So here’s my thinking. I have recently started a small WhatsApp group consisting of four older men whose avowed aim is to meet up, drink beer and talk. Yes we do talk about football. But we don’t talk about cars or golf. At our inaugural meeting we covered a lot of ground that included a long conversation about the hell that is the menopause and how helpless you feel when watching your female partner suffering. We talked a lot about politics and the state of the world. We swopped stories about life experiences and we share our anxieties about mental health and ageing. We even hugged when we headed home.

This is important. According to an article last year in the Guardian  there is a serious issue with older men not having friends and losing touch with friends. Quote;

In the UK, research by the Movember Foundation in 2018 found 27% of men said they had no close friends at all. They also found that friendships become less strong as men get older, with 22% of men aged 55 and over saying they never see their friends. It would seem there is, for men at least, a friendship recession.

In addition to my recently founded group – which is based around former NHS colleagues –  I also have many other male friends from different walks of life who I see regularly, sometimes in small groups and sometimes on a one to one basis. To me this is an essential facet of growing older. But what I find is that as we age and become more vulnerable we are also more likely to share our experiences and our vulnerabilities, which is the opposite of what researchers would suggest. Here are some unattributed phrases I have heard in conversation with male friends in recent months.

“I don’t have any interests so sometimes I don’t know what to do with myself”.

“I tried to kill myself once and I don’t mind talking about it”.

“I’m sickened by the loss of standards in public life. Things were never perfect but nowadays politicians just take the piss. I think it’s really sad. And this isn’t the kind of world I expected to grow old in”.

“I’m going to keep working as long as I can. At least that way I can pretend I’m not getting old”.

“You keep seeing obituaries of people that are dying in their seventies and you think Christ, that could be me a few years from now.. It’s scary.”

“I’m sorry for just talking about my ailments but they’ve been getting me down lately”.

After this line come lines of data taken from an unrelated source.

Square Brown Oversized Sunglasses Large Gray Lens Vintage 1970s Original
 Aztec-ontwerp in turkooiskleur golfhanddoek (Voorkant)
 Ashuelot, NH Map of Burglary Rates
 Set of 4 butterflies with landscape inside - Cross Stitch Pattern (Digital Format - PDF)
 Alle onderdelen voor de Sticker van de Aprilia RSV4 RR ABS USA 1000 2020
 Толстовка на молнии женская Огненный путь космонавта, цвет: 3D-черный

Now what is even more interesting is that these phrases don’t come out after a few beers but are just part of normal conversation. In fact after a few drinks there is a more relaxed and warm and genuinely humorous tone to the conversation. The fears get left behind, the catharsis done. It is I imagine easier for people to party once they’ve shown the demons the door but you do have to learn the rituals of exorcising your fears, your vulnerabilities and insecurities. But I have had what I would call deep conversations with other men over coffee and even on street corners so alcohol is far from essential, and in fact there is a rising tide of drinking less and drinking differently as people realise how bad it is for you to be reliant on it.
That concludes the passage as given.